(Try it) Begin with the first line of the entries below and reproduce each line exactly, ending with the line that holds "sweet pea row covered with frost cloth".

(Data to examine)
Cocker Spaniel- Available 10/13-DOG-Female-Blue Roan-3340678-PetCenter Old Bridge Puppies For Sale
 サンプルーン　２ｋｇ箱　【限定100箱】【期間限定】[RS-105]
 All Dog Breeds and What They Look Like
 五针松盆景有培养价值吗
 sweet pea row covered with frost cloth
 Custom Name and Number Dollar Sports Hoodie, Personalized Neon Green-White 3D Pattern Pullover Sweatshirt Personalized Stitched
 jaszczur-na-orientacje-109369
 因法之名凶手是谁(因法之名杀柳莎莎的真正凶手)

(Solution to this task)
Cocker Spaniel- Available 10/13-DOG-Female-Blue Roan-3340678-PetCenter Old Bridge Puppies For Sale
 サンプルーン　２ｋｇ箱　【限定100箱】【期間限定】[RS-105]
 All Dog Breeds and What They Look Like
 五针松盆景有培养价值吗
 sweet pea row covered with frost cloth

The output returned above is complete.